*** Begin section ***

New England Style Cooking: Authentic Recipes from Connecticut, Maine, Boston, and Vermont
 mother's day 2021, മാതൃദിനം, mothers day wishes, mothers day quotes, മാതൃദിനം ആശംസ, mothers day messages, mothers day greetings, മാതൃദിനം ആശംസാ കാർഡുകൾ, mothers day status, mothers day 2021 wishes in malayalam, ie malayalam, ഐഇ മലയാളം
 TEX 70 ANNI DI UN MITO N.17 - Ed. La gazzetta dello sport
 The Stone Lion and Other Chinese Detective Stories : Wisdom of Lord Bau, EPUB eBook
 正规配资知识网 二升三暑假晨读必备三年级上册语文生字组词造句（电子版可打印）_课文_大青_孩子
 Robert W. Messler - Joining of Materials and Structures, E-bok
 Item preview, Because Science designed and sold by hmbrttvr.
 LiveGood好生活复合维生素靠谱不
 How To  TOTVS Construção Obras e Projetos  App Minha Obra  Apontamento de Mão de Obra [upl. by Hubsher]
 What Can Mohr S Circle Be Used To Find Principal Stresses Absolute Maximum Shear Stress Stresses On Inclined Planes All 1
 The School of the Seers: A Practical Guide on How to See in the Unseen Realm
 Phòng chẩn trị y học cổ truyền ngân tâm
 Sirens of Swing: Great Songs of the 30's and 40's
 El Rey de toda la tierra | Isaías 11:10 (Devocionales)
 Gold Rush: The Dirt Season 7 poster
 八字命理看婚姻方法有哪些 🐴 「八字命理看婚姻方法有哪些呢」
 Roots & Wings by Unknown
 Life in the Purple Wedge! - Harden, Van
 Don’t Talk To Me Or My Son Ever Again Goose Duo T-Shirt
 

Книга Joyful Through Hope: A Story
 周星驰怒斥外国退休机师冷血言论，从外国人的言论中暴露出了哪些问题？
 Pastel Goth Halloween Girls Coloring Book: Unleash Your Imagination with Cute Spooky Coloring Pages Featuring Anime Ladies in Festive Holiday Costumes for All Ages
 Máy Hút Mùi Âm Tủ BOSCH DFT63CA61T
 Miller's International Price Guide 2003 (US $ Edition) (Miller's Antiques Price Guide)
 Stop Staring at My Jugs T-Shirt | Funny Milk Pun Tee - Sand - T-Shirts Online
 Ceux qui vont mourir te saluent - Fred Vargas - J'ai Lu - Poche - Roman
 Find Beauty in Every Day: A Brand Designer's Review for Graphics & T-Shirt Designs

*** End section ***

(What to work on) I would like you to return every entry exactly, with nothing changed.

(Problem solution)
New England Style Cooking: Authentic Recipes from Connecticut, Maine, Boston, and Vermont
 mother's day 2021, മാതൃദിനം, mothers day wishes, mothers day quotes, മാതൃദിനം ആശംസ, mothers day messages, mothers day greetings, മാതൃദിനം ആശംസാ കാർഡുകൾ, mothers day status, mothers day 2021 wishes in malayalam, ie malayalam, ഐഇ മലയാളം
 TEX 70 ANNI DI UN MITO N.17 - Ed. La gazzetta dello sport
 The Stone Lion and Other Chinese Detective Stories : Wisdom of Lord Bau, EPUB eBook
 正规配资知识网 二升三暑假晨读必备三年级上册语文生字组词造句（电子版可打印）_课文_大青_孩子
 Robert W. Messler - Joining of Materials and Structures, E-bok
 Item preview, Because Science designed and sold by hmbrttvr.
 LiveGood好生活复合维生素靠谱不
 How To  TOTVS Construção Obras e Projetos  App Minha Obra  Apontamento de Mão de Obra [upl. by Hubsher]
 What Can Mohr S Circle Be Used To Find Principal Stresses Absolute Maximum Shear Stress Stresses On Inclined Planes All 1
 The School of the Seers: A Practical Guide on How to See in the Unseen Realm
 Phòng chẩn trị y học cổ truyền ngân tâm
 Sirens of Swing: Great Songs of the 30's and 40's
 El Rey de toda la tierra | Isaías 11:10 (Devocionales)
 Gold Rush: The Dirt Season 7 poster
 八字命理看婚姻方法有哪些 🐴 「八字命理看婚姻方法有哪些呢」
 Roots & Wings by Unknown
 Life in the Purple Wedge! - Harden, Van
 Don’t Talk To Me Or My Son Ever Again Goose Duo T-Shirt
 

Книга Joyful Through Hope: A Story
 周星驰怒斥外国退休机师冷血言论，从外国人的言论中暴露出了哪些问题？
 Pastel Goth Halloween Girls Coloring Book: Unleash Your Imagination with Cute Spooky Coloring Pages Featuring Anime Ladies in Festive Holiday Costumes for All Ages
 Máy Hút Mùi Âm Tủ BOSCH DFT63CA61T
 Miller's International Price Guide 2003 (US $ Edition) (Miller's Antiques Price Guide)
 Stop Staring at My Jugs T-Shirt | Funny Milk Pun Tee - Sand - T-Shirts Online
 Ceux qui vont mourir te saluent - Fred Vargas - J'ai Lu - Poche - Roman
 Find Beauty in Every Day: A Brand Designer's Review for Graphics & T-Shirt Designs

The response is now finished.